4. Thou shalt ensure that all string handling functions fully support characters from beyond the Basic Multilingual Plane. Thou shalt not refer to Unicode as a two-byte character set.

5. Thou shalt plan for additions of future characters to Unicode.

6. Thou shalt count and index Unicode characters, not UTF-16 code points.

7. Thou shalt use UTF-8 as the preferred encoding wherever possible.

8. Thou shalt generate all text in Normalization Form C whenever possible.

9. Thou shalt avoid deprecated characters.

10. Thou shalt not enter the private use area.

This entry was posted on Friday, March 7th, 2008 at 12:17 pm and is filed under Programming. You can follow any responses to this entry through the Atom feed. Both comments and pings are currently closed.

John Cowan Says:
March 7th, 2008 at 1:22 pm

I think #8 should say “the preferred external encoding”. There are a lot of environments in which UTF-16 is overwhelmingly dominant (the Windows API, Java, C#, Javascript) and trying to use UTF-8 internally is just much more work than it’s worth.

Corey Says:
March 8th, 2008 at 11:30 am

Related to #2, I wish to god they would deprecate String(byte[]) and String.getBytes(). Not specifying the character set is a bug waiting to happen when dealing with cross-platform applications.

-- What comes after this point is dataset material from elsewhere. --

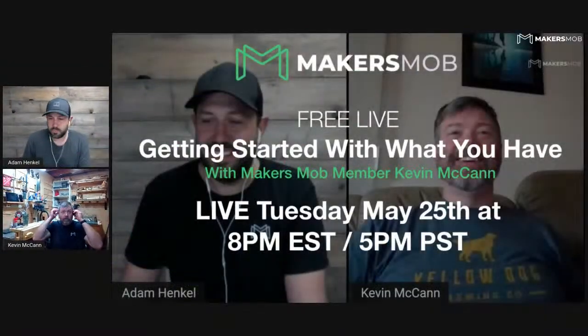We're going to talk all about getting started with what you have, making do and making progress with a small budget and just with what you have, which is part of Kevin's story in getting started in woodworking. Before we do that, we're going to do our announcements for the Makers Mob members.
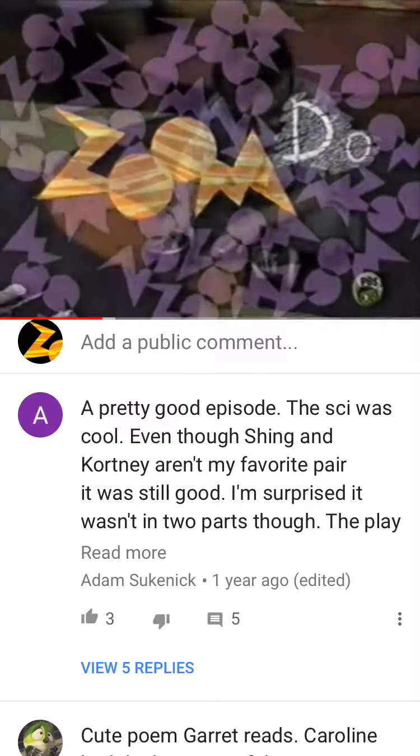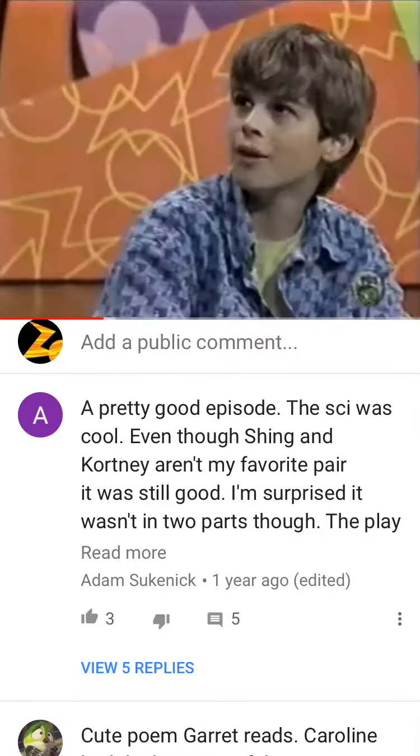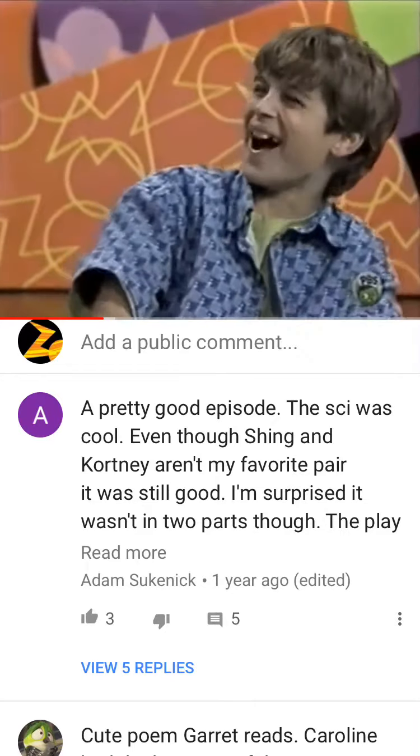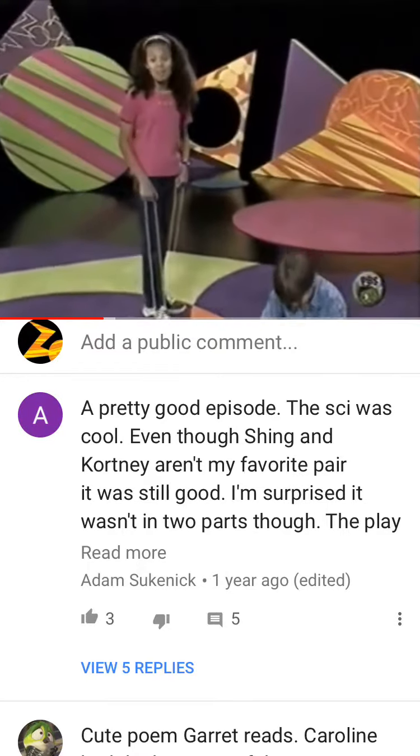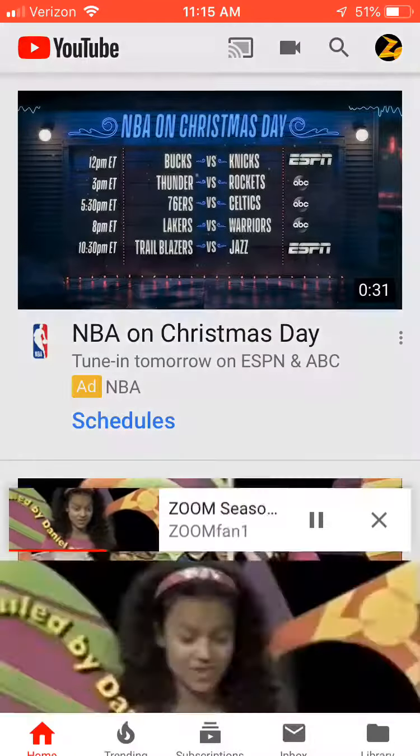Hey Mike! Hello there. Want to learn how to make stuff like these? Daniel of Ohio emailed us the idea for this zoom do.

Jerry "these boots" Amayedfore Says:
March 9th, 2008 at 5:16 pm

I wish “they” (i.e. Corey) would not assume that Java is the only programming language.

Brian Says:
March 9th, 2008 at 9:12 pm

Nothing about normalization?

Regarding #2: How can the consumer specify the encoding if the producer didn’t specify it (either externally, or with a BOM)?

John Cowan Says:
March 9th, 2008 at 10:47 pm

Brian: #8 is about normalization. As for #2, I take it to mean “Don’t assume, when opening an input stream, that the system default is suitable: provide an appropriate encoding yourself.”

Oren Says:
March 16th, 2008 at 9:44 am

3.5. Thou shalt not refer to any 8-bit character set as “ANSI”.

Oren Says:
March 16th, 2008 at 9:52 am

IMHO, asking everyone to fully support characters beyond the BMP is a bit of an overkill. Unless you are writing software for certain special niche applications you should be fine as long as your code:

Does not choke on surrogate pairs.
Correctly preserves surrogate pairs when saving files.
NEVER emits a lone surrogate character.

Mark Says:
March 16th, 2008 at 11:21 am

11. Thou shalt prefer to use ASCII if Unicode can be avoided

tim Says:
March 16th, 2008 at 2:56 pm

But in most cases, you don’t know what “niche” your application will be used in. Of all the programs I’ve written in my life, across many industries, the only one which could (today) safely ignore non-BMP was aircraft design software, and that’s because they used upper-case ASCII for everything (in the 21st century … yeah, I don’t get it either).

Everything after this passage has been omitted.